To maintain ideal breathing conditions, the lungs avoid inflammation. They do this by trying to minimize immune responses to various particles humans inhale because the more the immune system responds, the higher the level of inflammation that results.
Too much inflammation can interfere with the ability to breathe.
"Then here comes TB, an organism that gets into an environment that is not very primed to respond to a foreign invader, and the TB fundamentally takes advantage of that environment," Schlesinger said.
About 2 billion people worldwide are thought to be infected with TB bacteria. People who are infected can harbor the bacterium without symptoms for decades, but an estimated one in 10 will develop active disease characterized by a chronic cough and chest pain. An active infection is treated with a combination of antibiotics that patients take for at least six months.
At the point of infection in the lung, TB bacteria are eaten by a macrophage, also called an antigen-presenting cell.

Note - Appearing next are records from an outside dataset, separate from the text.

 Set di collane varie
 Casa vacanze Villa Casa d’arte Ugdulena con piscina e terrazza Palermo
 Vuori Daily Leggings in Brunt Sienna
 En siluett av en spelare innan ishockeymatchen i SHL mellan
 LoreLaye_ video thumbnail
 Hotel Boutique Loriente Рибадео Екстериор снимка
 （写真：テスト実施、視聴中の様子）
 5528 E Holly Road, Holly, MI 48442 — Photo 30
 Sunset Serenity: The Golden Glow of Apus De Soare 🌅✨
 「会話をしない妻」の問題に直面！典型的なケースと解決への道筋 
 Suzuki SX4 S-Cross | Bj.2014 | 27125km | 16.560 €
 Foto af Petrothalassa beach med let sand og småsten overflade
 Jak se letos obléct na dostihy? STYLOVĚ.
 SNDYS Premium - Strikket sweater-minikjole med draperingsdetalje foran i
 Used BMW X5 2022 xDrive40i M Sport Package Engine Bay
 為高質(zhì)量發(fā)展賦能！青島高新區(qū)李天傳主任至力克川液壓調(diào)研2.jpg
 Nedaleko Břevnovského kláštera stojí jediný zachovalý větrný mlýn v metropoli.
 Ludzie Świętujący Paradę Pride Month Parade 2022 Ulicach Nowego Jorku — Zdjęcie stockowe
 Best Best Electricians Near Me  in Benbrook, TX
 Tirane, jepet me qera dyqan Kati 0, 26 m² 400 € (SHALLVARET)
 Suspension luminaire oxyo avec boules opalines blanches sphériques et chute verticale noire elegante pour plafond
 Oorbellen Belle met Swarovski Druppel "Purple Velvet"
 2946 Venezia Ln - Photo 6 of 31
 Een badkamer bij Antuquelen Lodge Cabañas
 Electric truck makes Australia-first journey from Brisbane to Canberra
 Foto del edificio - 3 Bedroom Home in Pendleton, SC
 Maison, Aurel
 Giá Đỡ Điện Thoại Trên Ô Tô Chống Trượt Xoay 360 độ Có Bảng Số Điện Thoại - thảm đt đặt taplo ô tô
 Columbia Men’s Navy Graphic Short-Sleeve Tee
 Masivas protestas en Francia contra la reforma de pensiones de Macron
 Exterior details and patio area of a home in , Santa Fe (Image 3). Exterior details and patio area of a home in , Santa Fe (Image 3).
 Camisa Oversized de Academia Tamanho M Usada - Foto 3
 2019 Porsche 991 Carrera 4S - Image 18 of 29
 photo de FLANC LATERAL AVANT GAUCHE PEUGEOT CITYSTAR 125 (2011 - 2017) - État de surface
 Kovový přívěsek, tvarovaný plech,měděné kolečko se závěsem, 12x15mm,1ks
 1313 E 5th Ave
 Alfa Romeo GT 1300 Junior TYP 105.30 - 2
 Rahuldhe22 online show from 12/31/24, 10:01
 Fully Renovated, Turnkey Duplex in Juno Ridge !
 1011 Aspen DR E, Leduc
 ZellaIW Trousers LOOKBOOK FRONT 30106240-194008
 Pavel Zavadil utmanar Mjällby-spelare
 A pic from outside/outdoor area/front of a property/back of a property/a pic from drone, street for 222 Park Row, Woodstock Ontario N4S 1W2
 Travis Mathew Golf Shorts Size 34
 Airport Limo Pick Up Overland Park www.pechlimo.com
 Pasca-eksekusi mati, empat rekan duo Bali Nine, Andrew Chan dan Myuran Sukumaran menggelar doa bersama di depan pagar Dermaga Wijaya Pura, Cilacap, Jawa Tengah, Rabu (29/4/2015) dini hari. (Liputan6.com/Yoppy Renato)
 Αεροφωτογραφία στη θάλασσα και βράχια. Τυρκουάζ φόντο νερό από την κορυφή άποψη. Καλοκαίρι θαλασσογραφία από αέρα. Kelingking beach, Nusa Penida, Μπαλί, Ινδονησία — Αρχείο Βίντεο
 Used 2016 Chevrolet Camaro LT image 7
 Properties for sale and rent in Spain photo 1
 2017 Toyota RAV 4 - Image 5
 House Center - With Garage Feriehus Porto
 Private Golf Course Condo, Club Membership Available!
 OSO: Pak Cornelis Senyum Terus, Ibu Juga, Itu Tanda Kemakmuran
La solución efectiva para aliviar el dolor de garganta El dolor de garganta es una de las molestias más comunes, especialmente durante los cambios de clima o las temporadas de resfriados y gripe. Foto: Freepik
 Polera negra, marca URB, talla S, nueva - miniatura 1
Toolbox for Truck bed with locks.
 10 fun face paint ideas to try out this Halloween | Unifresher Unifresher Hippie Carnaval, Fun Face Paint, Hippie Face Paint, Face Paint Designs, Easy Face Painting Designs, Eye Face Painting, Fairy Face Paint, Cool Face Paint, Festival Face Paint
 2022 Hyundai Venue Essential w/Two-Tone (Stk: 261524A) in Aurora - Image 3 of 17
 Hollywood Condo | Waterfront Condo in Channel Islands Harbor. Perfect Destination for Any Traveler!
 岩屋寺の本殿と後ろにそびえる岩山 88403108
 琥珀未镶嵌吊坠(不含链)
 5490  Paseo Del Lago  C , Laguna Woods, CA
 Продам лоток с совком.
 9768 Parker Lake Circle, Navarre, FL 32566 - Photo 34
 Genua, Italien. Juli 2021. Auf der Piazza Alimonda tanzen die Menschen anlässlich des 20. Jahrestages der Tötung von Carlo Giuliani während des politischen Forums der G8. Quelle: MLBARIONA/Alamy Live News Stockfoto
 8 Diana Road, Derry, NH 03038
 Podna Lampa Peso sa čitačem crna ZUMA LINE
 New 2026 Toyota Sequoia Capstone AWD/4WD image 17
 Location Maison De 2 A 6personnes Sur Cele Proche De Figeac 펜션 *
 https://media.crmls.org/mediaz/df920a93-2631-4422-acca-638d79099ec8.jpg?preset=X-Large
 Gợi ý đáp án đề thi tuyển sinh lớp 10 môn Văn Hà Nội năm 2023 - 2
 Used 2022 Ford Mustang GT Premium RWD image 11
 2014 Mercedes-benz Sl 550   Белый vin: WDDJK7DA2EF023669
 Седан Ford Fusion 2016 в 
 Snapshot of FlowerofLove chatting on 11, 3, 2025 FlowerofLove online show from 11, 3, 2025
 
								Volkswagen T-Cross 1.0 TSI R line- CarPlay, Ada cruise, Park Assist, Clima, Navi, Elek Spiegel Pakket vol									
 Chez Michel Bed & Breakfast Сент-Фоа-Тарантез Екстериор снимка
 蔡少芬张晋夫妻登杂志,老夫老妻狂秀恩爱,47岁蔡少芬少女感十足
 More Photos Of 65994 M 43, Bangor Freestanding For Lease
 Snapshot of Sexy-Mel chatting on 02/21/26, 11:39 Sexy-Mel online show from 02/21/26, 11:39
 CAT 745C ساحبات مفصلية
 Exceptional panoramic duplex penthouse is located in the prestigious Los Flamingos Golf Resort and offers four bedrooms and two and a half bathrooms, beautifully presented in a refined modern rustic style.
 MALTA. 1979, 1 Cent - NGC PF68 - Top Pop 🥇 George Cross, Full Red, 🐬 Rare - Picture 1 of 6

As part of what is called the innate immune response, the macrophage activates specific molecules that make pieces of the bacteria visible to infection-fighting T cell warriors, which triggers an eventual T-cell response to come to the macrophage's aid.
The innate response kicks in to fight any pathogen, but an acquired immune response is required to activate T cells that are specifically designed to help macrophages kill TB bacteria. The sugarcoating delays activation of that acquired response, so the bacteria then find comfort in the macrophages, causing a latent infection.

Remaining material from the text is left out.